From there the writers set up Laszlo to be the keeper of a secret he could only reveal two-thirds of the way through the season's penultimate episode, moments before Colin's 100-year cycle of life ended. And yet, who expected them to follow that by having Laszlo pull off another turn that forces two people who barely tolerate each another, Nadja and Guillermo, into being stuck together on a freighter bound for England?
Harvey Guillén in "What We Do in the Shadows" (Russ Martin/FX)
This left Nandor forlorn and lugging a backpack filled with his ancestral soil into a train headed out of New York, with Laszlo sticking himself with the job of raising baby energy vampire Colin (which is basically a squishy homunculus with Proksch's head on top of it) on his own.
Our weekly visits to Nandor, Nadja and Laszlo's claustrophobic manse have been time well spent, but this is a fine cliffhanger. As Colin's role and persona is certainly bound to transform, so can the show around him. Blame the time we're living in for this feeling, but the recently ended season reminded us that these characters haven't traveled much farther than Atlantic City or exurban Pennsylvania. Flinging the main players to parts unknown vastly expands the story's geographic range.

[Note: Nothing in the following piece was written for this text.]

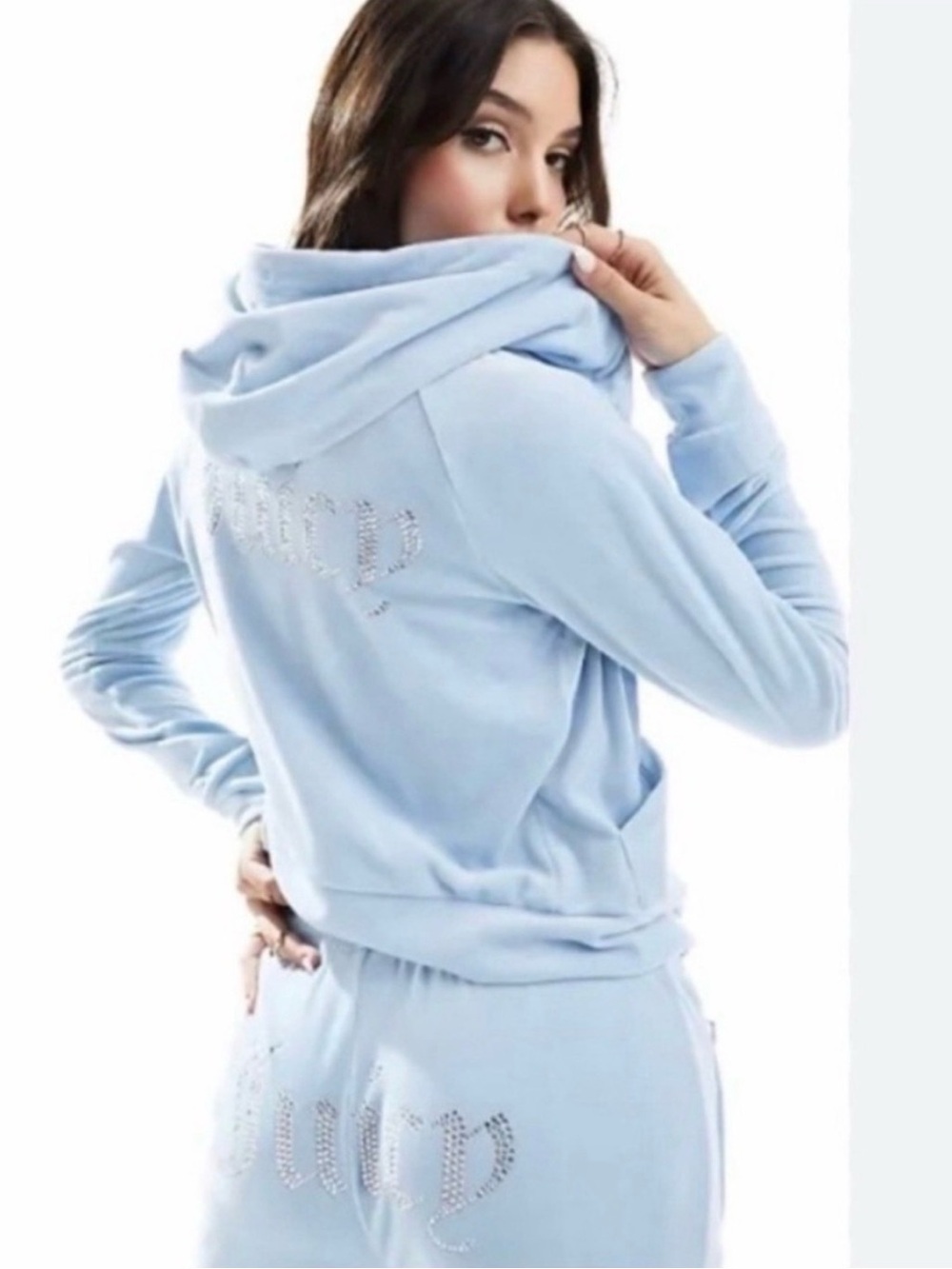 Juicy Couture NWOT Size L Baby Blue Velour Tracksuit
Bling 90's Y2K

That's part of the reason why people still clamor for the return of Laszlo's alter-ego Jackie Daytona, Regular Human Bartender. Laszlo's on-the-lam persona is the apex of absurdity, but the small-town goofs enabling Jackie's benign foolishness made his one-off second season escapade unforgettable.
At various times the cast and writers have said there are no plans to haul Jackie out of storage. They don't need to, if they give Nadja, Guillermo and Nandor equivalently memorable exploits instead. Nandor almost got there with his wellness journey this season. Now we know that was meant to be a stepping stone to a wider world. Given Nadja and Nandor's lineage, along with Guillermo's vampire slayer ancestry, each character has an opportunity to shed their old skins and become a little stranger.
Most can accomplish that by putting some space between each other and the Eastern seaboard of the United States. Colin, and Proksch, have the opportunity to leave one personality behind and take on quirks that are entirely new.
Change doesn't always end up being good thing. But sometimes the best strategy a long-running show can adopt to avoid sliding into a predictable graveyard rut is to infuse its arc story with a fresh narrative platelets procured from unfamiliar veins. The "Shadows" team's surprise trips to foreign places are a positive move as we head into 2022, which is when the new season is scheduled to return.
Still, one suspects these undead fools won't change too much, regardless of what they discover about themselves on their various "Eat, Pray, Love"-style excursions. As Nandor explains, "How I am going eat if I don't prey on people, dummy?"
All current episodes of "What We Do in the Shadows" are available to stream on FX on Hulu.